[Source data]
──────────────────────────────

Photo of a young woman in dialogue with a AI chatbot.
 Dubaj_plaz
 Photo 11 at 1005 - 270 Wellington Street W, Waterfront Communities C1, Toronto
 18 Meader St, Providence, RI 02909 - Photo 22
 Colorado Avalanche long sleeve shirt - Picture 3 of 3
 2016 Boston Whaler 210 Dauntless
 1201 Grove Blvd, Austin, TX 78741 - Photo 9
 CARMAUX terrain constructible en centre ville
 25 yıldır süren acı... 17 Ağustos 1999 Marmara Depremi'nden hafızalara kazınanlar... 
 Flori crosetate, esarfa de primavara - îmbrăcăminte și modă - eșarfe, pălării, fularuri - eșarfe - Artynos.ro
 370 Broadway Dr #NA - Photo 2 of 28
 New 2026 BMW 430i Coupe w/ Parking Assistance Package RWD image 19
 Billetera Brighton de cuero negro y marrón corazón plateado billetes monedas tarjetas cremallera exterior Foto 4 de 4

──────────────────────────────

WHAT THE TASK REQUIRES. Output, and output only, the lines from the one containing "25 yıldır süren" through the last line of the data above.

TASK OUTPUT.
 25 yıldır süren acı... 17 Ağustos 1999 Marmara Depremi'nden hafızalara kazınanlar... 
 Flori crosetate, esarfa de primavara - îmbrăcăminte și modă - eșarfe, pălării, fularuri - eșarfe - Artynos.ro
 370 Broadway Dr #NA - Photo 2 of 28
 New 2026 BMW 430i Coupe w/ Parking Assistance Package RWD image 19
 Billetera Brighton de cuero negro y marrón corazón plateado billetes monedas tarjetas cremallera exterior Foto 4 de 4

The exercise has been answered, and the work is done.